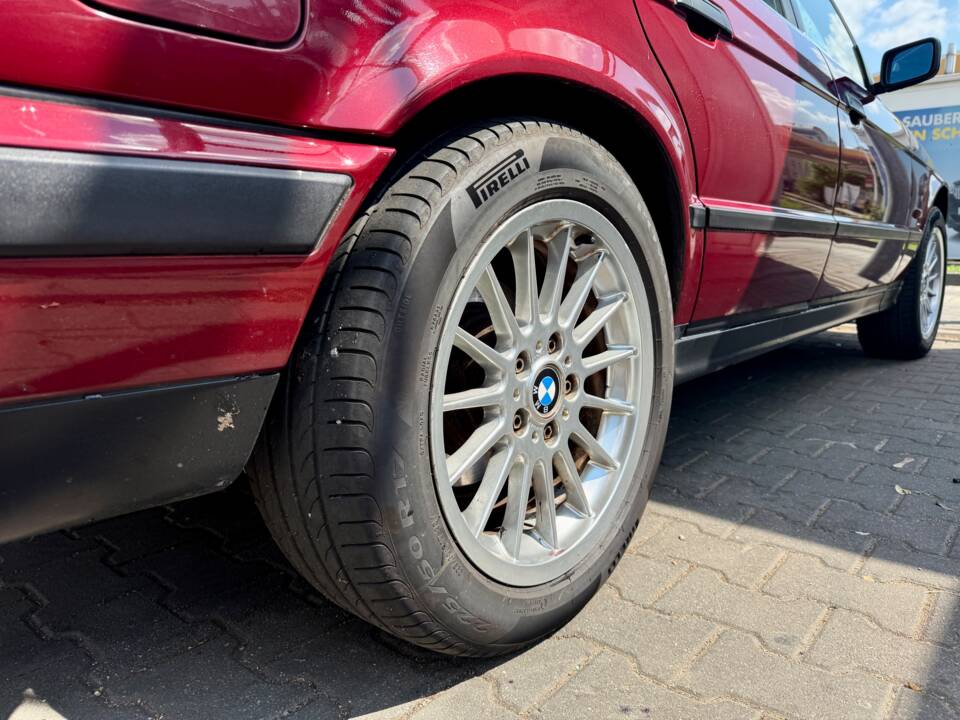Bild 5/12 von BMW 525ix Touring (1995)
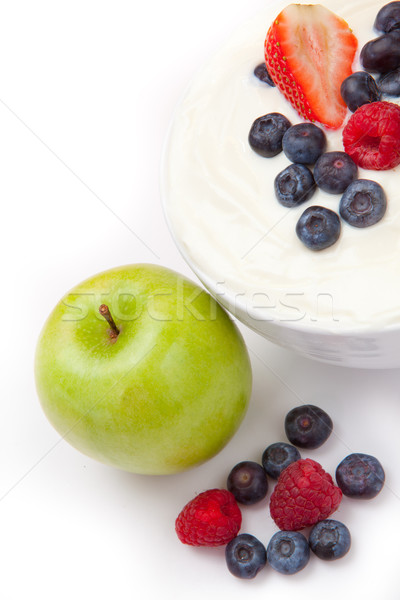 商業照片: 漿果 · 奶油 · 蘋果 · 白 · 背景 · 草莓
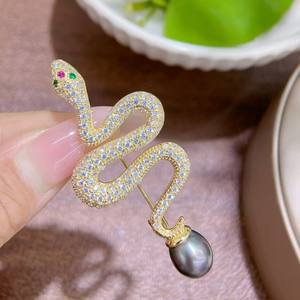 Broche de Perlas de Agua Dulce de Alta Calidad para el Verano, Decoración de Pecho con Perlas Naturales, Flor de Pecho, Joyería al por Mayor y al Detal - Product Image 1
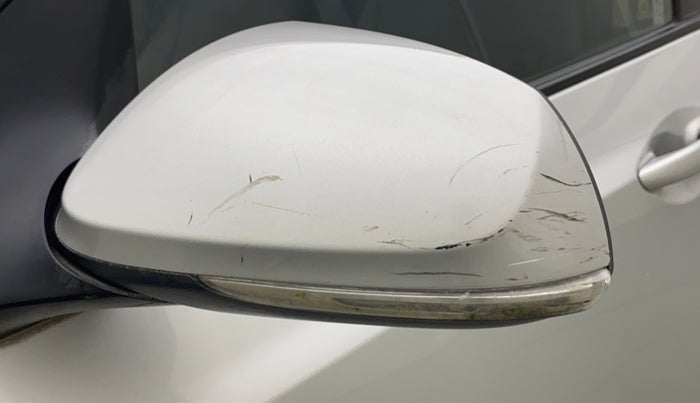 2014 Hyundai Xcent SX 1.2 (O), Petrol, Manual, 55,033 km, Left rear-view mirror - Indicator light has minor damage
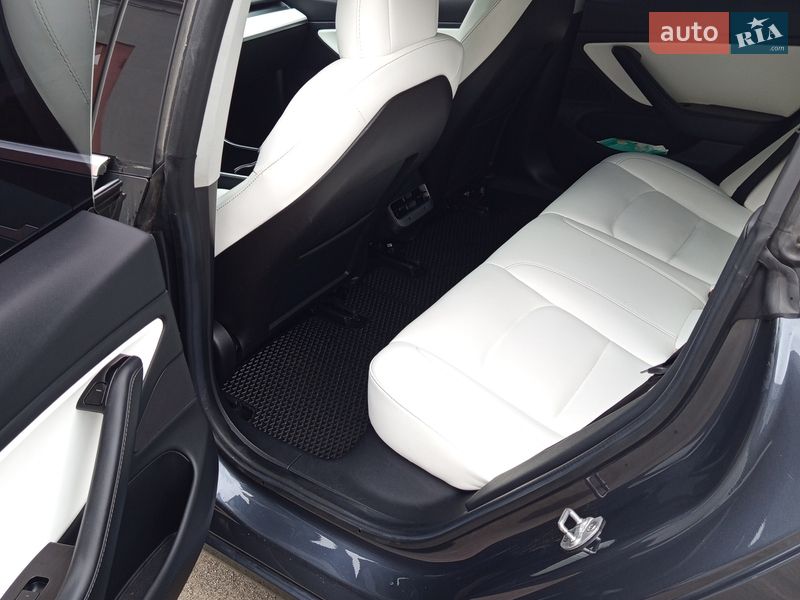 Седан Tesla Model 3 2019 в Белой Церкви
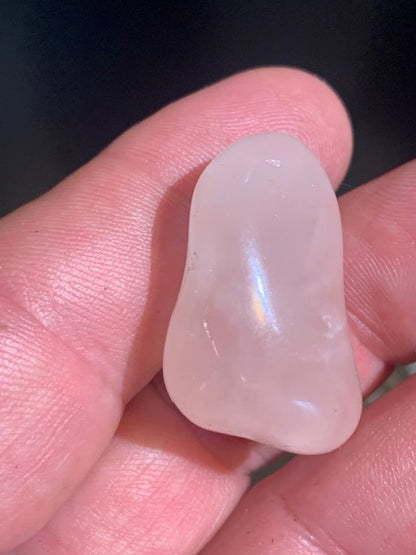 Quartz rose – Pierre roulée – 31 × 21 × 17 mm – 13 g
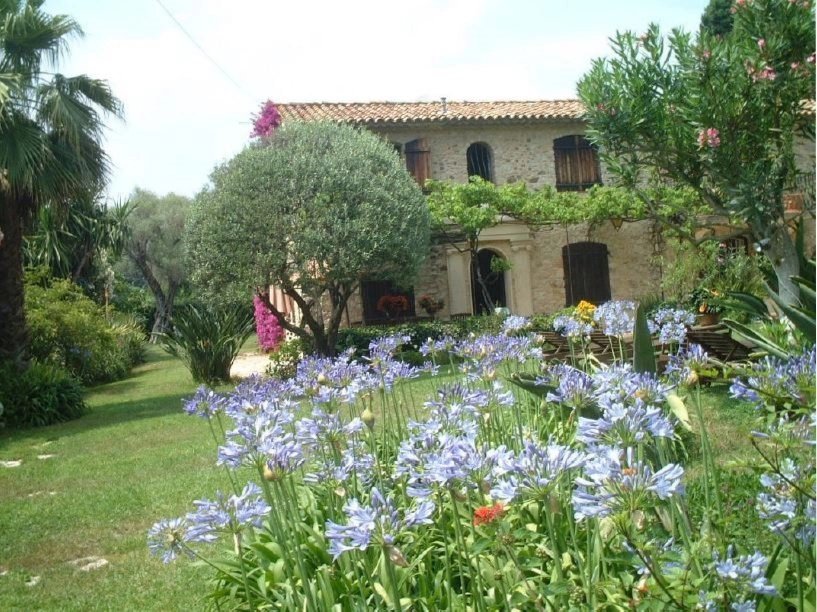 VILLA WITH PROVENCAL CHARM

________________

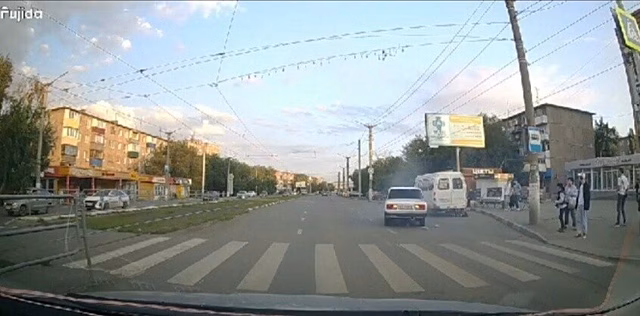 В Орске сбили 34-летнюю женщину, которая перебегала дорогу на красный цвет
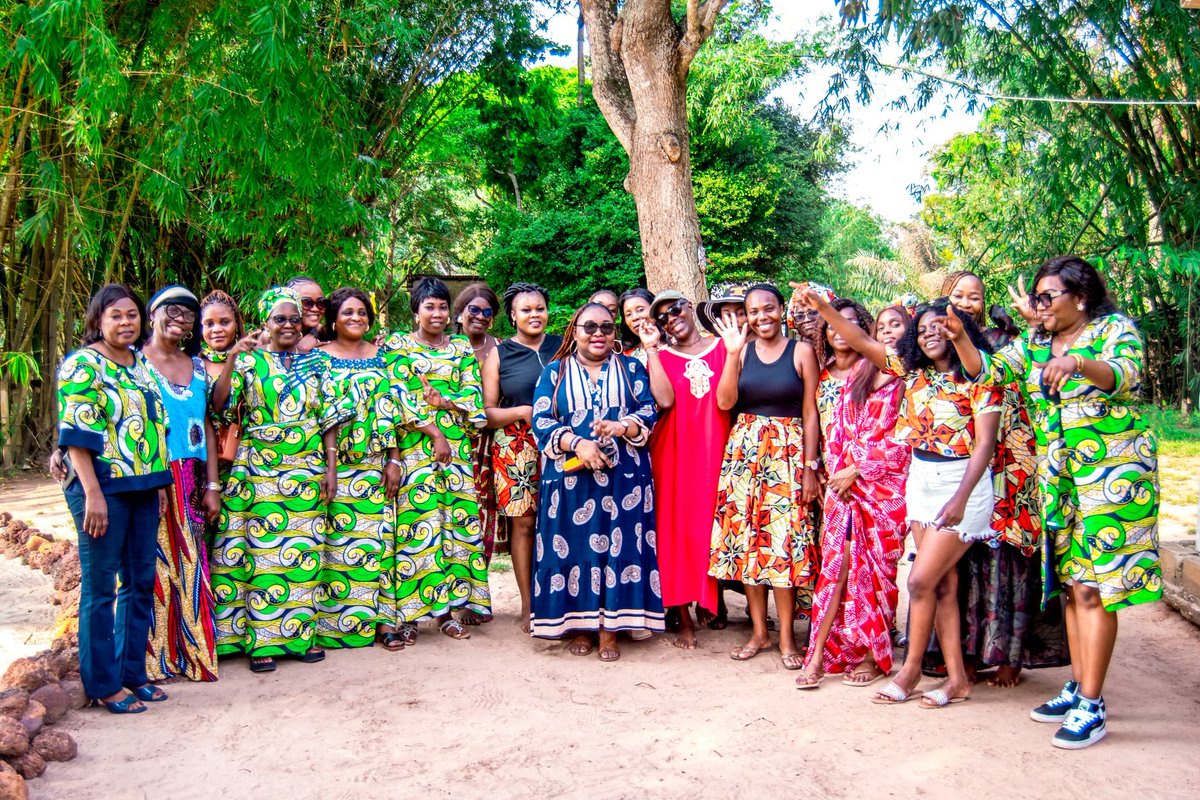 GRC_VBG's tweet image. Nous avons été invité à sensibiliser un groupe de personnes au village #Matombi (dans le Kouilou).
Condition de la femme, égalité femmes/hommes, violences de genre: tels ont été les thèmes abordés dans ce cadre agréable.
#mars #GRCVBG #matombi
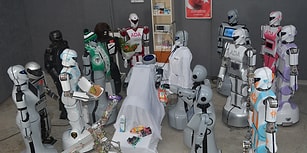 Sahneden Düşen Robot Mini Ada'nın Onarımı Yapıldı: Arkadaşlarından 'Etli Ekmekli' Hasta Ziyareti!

________________

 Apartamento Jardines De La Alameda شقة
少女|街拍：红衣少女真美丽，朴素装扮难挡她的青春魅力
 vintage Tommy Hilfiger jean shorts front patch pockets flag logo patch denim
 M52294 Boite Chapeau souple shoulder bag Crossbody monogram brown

________________

Print the line above containing "В Орске сбили", the line containing "#mars #GRCVBG #matombi", and everything between them, exactly as written. Pictures stay out.

 В Орске сбили 34-летнюю женщину, которая перебегала дорогу на красный цвет
 GRC_VBG's tweet image. Nous avons été invité à sensibiliser un groupe de personnes au village #Matombi (dans le Kouilou).
Condition de la femme, égalité femmes/hommes, violences de genre: tels ont été les thèmes abordés dans ce cadre agréable.
#mars #GRCVBG #matombi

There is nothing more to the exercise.